Find and copy each line of the records where the string "Oregon" shows up.

• • • •

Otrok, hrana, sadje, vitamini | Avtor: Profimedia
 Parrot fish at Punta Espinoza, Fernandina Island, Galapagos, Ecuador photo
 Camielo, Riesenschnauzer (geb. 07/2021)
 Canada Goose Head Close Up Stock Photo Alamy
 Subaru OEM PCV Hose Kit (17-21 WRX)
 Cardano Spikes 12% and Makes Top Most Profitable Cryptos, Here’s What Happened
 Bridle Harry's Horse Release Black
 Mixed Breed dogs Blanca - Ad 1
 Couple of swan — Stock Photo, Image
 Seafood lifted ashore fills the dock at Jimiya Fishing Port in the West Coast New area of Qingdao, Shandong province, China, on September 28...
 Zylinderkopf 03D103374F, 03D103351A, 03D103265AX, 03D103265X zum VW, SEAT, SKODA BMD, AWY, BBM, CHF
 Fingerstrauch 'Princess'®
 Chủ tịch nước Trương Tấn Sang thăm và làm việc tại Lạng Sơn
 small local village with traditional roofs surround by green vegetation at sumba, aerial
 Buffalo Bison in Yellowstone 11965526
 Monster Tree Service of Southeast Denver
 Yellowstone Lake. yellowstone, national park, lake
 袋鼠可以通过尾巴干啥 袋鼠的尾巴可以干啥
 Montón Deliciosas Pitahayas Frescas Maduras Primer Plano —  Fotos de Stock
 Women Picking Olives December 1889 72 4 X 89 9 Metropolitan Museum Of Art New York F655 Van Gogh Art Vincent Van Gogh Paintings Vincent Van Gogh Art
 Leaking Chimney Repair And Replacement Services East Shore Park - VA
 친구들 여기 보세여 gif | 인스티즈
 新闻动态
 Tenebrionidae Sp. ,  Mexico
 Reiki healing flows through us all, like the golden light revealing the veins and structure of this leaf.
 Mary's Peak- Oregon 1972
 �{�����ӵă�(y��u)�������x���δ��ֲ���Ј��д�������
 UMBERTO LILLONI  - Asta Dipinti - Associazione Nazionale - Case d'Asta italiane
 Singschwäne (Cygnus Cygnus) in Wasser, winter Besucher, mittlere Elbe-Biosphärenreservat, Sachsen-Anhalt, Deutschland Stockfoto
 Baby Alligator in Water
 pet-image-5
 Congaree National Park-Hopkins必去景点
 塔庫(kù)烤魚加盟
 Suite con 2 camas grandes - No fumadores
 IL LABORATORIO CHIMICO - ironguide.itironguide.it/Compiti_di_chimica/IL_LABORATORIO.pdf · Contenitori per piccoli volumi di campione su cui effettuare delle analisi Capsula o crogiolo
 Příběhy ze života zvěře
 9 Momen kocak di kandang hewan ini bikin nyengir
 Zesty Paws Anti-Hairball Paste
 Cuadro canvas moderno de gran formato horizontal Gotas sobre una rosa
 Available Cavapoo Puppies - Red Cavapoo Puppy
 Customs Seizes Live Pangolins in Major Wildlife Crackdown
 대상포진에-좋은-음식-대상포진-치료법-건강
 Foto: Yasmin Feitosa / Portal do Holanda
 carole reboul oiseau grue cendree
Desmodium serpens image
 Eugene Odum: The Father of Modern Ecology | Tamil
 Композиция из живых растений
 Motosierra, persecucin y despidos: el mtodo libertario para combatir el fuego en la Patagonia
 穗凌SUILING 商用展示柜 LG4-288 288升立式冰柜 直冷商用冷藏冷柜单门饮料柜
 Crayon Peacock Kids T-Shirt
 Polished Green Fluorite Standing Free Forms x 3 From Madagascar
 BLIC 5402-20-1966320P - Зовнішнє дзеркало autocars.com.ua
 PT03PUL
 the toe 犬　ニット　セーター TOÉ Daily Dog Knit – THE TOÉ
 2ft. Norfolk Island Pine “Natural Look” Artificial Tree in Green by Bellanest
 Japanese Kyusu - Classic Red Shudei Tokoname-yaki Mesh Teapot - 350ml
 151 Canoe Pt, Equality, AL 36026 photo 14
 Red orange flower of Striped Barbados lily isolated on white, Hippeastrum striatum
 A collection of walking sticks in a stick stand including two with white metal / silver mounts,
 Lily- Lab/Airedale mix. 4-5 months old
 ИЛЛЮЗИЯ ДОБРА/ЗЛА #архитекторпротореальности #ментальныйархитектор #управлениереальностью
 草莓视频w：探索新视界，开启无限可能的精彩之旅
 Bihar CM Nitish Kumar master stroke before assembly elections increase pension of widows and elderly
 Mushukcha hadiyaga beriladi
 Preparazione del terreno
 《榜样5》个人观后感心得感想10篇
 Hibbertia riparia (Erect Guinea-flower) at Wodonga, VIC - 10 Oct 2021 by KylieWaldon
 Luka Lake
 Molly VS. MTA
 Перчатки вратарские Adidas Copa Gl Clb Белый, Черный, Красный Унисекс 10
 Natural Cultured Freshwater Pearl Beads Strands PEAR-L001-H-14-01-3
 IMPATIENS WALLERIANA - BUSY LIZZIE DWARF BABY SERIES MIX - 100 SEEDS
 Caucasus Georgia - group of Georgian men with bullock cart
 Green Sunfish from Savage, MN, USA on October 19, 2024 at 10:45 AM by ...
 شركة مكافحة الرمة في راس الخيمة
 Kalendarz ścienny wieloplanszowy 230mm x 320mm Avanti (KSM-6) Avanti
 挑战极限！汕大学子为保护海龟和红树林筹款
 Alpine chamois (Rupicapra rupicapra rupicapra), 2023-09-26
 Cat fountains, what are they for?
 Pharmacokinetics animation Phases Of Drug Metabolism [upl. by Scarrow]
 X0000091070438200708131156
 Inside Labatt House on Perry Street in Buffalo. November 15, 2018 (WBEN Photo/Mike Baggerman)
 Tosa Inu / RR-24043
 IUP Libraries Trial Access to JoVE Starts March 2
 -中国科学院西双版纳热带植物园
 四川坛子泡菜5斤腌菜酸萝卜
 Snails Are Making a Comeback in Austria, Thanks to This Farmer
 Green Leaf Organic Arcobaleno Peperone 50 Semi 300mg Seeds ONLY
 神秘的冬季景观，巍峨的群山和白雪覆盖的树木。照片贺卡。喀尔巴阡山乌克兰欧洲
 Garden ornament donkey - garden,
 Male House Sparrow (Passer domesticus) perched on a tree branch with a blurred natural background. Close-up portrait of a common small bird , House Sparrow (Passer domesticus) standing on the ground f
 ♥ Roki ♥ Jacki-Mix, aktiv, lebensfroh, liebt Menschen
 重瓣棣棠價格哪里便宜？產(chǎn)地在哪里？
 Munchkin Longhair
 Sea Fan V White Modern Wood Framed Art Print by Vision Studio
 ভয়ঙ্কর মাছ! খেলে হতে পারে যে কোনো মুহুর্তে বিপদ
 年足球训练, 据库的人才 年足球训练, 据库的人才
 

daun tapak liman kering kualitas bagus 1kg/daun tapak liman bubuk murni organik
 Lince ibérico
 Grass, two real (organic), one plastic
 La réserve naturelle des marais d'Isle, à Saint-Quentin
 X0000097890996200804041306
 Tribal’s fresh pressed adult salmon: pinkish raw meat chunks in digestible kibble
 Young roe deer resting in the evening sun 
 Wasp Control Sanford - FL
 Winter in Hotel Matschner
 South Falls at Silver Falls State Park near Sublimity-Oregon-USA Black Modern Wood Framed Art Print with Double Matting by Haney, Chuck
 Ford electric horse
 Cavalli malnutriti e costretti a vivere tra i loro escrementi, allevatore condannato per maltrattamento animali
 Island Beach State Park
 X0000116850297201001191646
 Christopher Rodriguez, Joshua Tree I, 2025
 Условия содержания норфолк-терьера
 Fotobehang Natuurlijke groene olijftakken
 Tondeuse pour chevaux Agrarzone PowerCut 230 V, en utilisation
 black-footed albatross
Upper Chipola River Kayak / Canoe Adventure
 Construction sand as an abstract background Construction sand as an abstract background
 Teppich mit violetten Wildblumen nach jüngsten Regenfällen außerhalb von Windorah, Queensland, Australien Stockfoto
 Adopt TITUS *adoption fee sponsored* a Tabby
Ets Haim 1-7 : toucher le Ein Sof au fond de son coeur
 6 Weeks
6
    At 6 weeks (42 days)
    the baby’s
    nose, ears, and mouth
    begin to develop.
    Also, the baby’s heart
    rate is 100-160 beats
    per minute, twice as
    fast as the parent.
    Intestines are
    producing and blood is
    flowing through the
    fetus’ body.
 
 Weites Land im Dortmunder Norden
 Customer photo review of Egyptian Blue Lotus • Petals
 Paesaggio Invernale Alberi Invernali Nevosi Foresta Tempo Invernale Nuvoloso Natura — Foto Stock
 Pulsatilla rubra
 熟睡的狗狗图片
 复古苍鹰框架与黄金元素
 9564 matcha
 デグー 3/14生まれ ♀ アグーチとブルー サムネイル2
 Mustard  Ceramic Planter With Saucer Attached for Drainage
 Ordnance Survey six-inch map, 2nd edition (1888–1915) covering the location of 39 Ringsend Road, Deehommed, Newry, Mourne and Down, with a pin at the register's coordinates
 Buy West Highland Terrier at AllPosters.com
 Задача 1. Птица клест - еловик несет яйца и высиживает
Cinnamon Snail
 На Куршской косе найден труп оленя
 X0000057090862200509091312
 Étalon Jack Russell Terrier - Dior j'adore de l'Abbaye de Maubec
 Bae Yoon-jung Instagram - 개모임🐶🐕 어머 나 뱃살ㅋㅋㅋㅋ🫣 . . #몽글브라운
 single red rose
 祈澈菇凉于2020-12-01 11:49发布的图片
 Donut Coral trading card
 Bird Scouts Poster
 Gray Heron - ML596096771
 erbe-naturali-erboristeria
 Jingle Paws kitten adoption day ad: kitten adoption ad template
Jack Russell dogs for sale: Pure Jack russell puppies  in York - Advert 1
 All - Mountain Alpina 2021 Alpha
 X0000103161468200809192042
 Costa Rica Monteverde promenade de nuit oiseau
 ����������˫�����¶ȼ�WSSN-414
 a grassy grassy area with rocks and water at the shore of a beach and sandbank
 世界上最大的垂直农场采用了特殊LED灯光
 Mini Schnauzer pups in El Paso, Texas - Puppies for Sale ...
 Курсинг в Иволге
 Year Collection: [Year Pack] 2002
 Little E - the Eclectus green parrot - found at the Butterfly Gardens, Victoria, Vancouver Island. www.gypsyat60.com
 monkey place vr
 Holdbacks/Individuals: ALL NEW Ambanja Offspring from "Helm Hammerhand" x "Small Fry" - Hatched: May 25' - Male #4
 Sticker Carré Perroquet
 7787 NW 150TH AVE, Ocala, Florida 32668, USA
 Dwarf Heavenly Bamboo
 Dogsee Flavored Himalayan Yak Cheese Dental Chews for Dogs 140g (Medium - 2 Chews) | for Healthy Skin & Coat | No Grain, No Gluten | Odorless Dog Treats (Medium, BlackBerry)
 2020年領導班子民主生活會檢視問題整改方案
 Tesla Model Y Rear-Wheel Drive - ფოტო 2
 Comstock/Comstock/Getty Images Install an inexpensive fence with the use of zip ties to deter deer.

• • • •

§ ANSWER BOX
 Mary's Peak- Oregon 1972
 South Falls at Silver Falls State Park near Sublimity-Oregon-USA Black Modern Wood Framed Art Print with Double Matting by Haney, Chuck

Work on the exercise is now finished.